That script is pretty cool. It is a little dated, but I ended up making a
similar solution for your public desktop computers. You can see my solution
Lebanon Public Libraries
On Fri, Mar 15, 2019 at 4:02 PM Christopher Davis <[log in to unmask]>
> This is a good thread and I also hope that it drives Linux usage up.
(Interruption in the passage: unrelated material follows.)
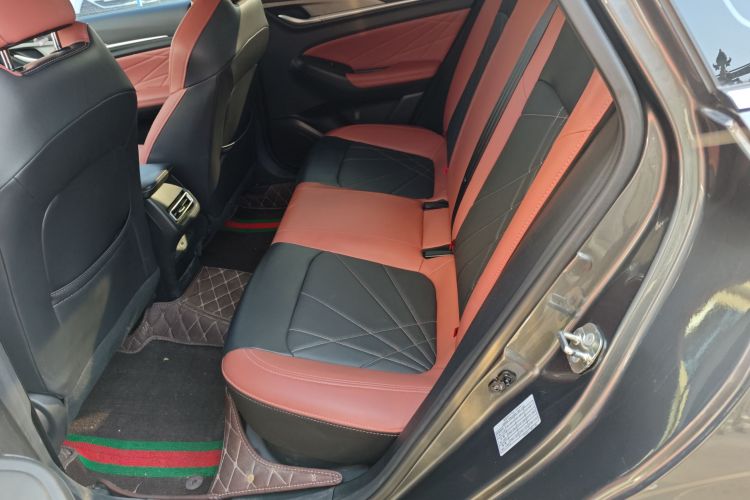 长安 逸动 2023款 畅享版 PLUS 蓝鲸NE 1.4T GDI DCT尊贵版中控内饰7004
> There's a Linux-compatible Deepfreeze alternative called Dafturn Ofris, a
> bash script which "freezes" the Linux user's home directory. This means
> that (at least on Linux distros based on Debian) you can install system
> updates without thawing, whilst still preventing personalizations such as
> browser cache, wallpapers, menu options, etc. from persisting beyond
> reboot. The Dafturn Ofris script can be downloaded from
> sourceforge.net/projects/dafturnofris-id/. The other cool thing about
> Dafturn Ofris is that you only need to reboot the machine when you want to
> freeze it.
> I've found great success in downloading it to the Home directory, then you
> can open a terminal, type in "bash dafturn-ofris.sh" and follow the
> directions. Later, when the system if frozen, you can just quickly open a
> terminal (ctrl+alt+t in Debian distros), tap the "Up" arrow key a few times
> (scrolls through the history of terminal commands), and then run
> dafturn-ofris.sh in just a few seconds.
> Christopher Davis, MLS
> Systems & E-Services Librarian
> Uintah County Library
> 204 E 100 N
> Vernal, UT 84078
> [log in to unmask]
> (435) 789-0091 ext. 261
> website: uintahlibrary.org
> catalog: basinlibraries.org
> On Fri, Mar 15, 2019 at 7:46 AM Nick Critser <[log in to unmask]>
> > All,
> > I don't have professional experience loaning linux laptops in a library
> > setting. In fact my current gig uses windows as the dominant OS for both
> > staff computers and loaner computers. But I have been using Linux as my
> > home workstation OS for about 7 years now. I'd love to see more Linux in
> > the public sphere. As such I'll share my laptop experience with
> > distributions I've tried.
> > Debian - a free software distro , can have issues where drivers must be
> > installed via different repos but usually its a simple task.
> > The installer can be more manual (and possibly confusing).
> > Ubuntu - a corporate distro, and a great intro to linux distro. It is
> > easy to install and has a huge community with a great user knowledge
> > base. Also it benefits from all the Debian development, but also adds
> > some usability features like an easy to use dual boot install path, and
> > gui based everything.
> > Redhat - another corporate distro. You can now get redhat developer
> > licenses for free with sign up to their developer site. They also have
> > an excellent knowledge base for admins and i have never had a single
> > driver related issue with them on a laptop.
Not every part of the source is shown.